__Exercise brief__. Write out, with no changes, every line starting at the one that contains "Free People movement" and ending at the last line of the data below. Leave pictures out.

[Image-caption web data]
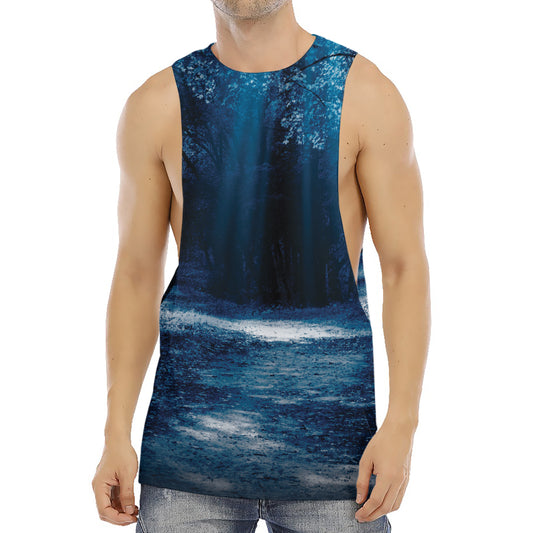 Night Forest And Moonlight Print Men's Muscle Tank Top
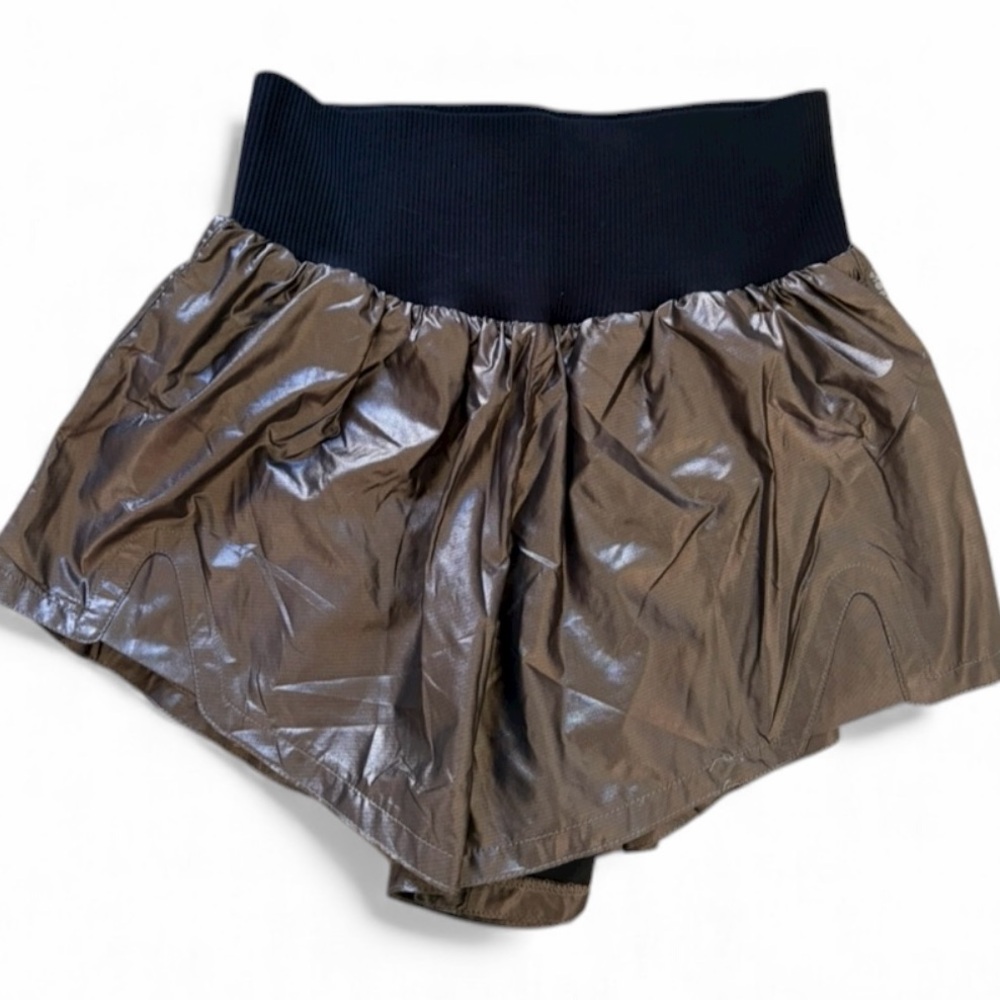 Free People movement Carpe Diem metallic bronze shorts, NWT - Picture 2 of 5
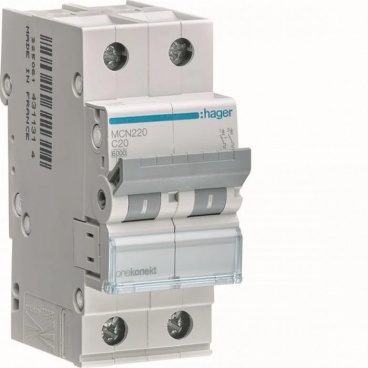 Hager Αυτόματη Ασφάλεια 20Α Καμπύλης C 6KA 2P (MCN220)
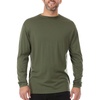 image:image100 Merino Wool  Mens Long Sleeve Crew Shirt  Thermal Base Layer170 Lightweight Olive Drab Green
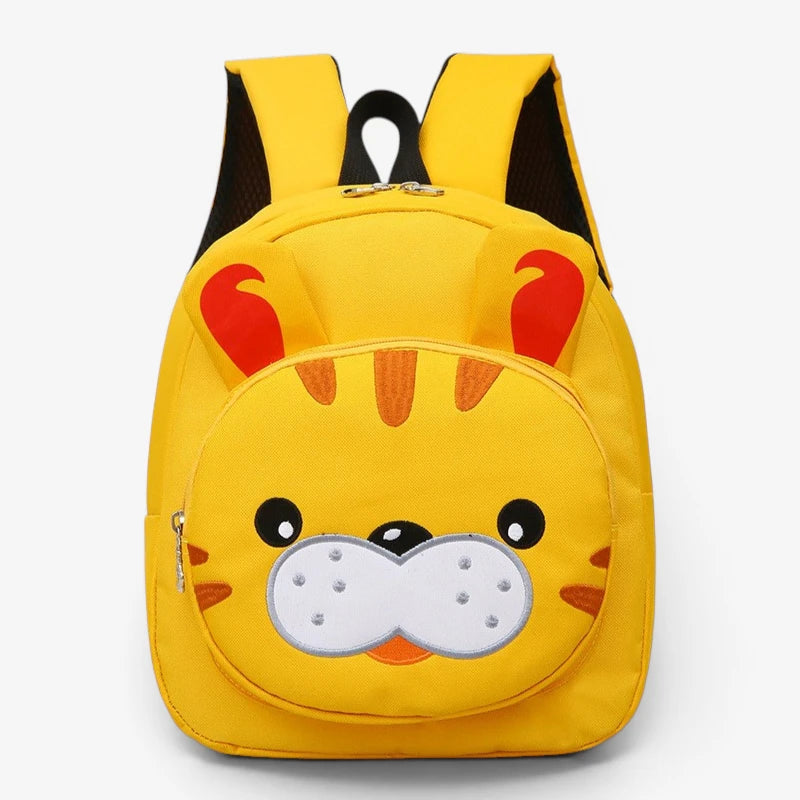 Sac à dos tigre jaune pour enfant en maternelle vue de face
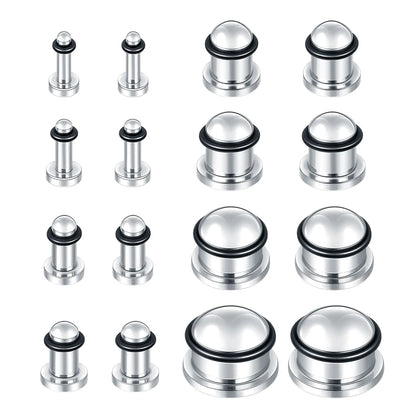 2PCS Stainless Steel Ear Plugs & Tunnels — 1.6-16mm Silver Ear Gauge Stretching Kit for Men & Women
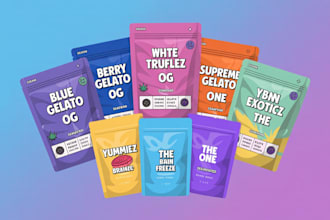 design unique mylar bag, cannabis pouch, label, and box packaging design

__Solved problem__.
 Free People movement Carpe Diem metallic bronze shorts, NWT - Picture 2 of 5
 Hager Αυτόματη Ασφάλεια 20Α Καμπύλης C 6KA 2P (MCN220)
 image:image100 Merino Wool  Mens Long Sleeve Crew Shirt  Thermal Base Layer170 Lightweight Olive Drab Green
 Sac à dos tigre jaune pour enfant en maternelle vue de face
 2PCS Stainless Steel Ear Plugs & Tunnels — 1.6-16mm Silver Ear Gauge Stretching Kit for Men & Women
 design unique mylar bag, cannabis pouch, label, and box packaging design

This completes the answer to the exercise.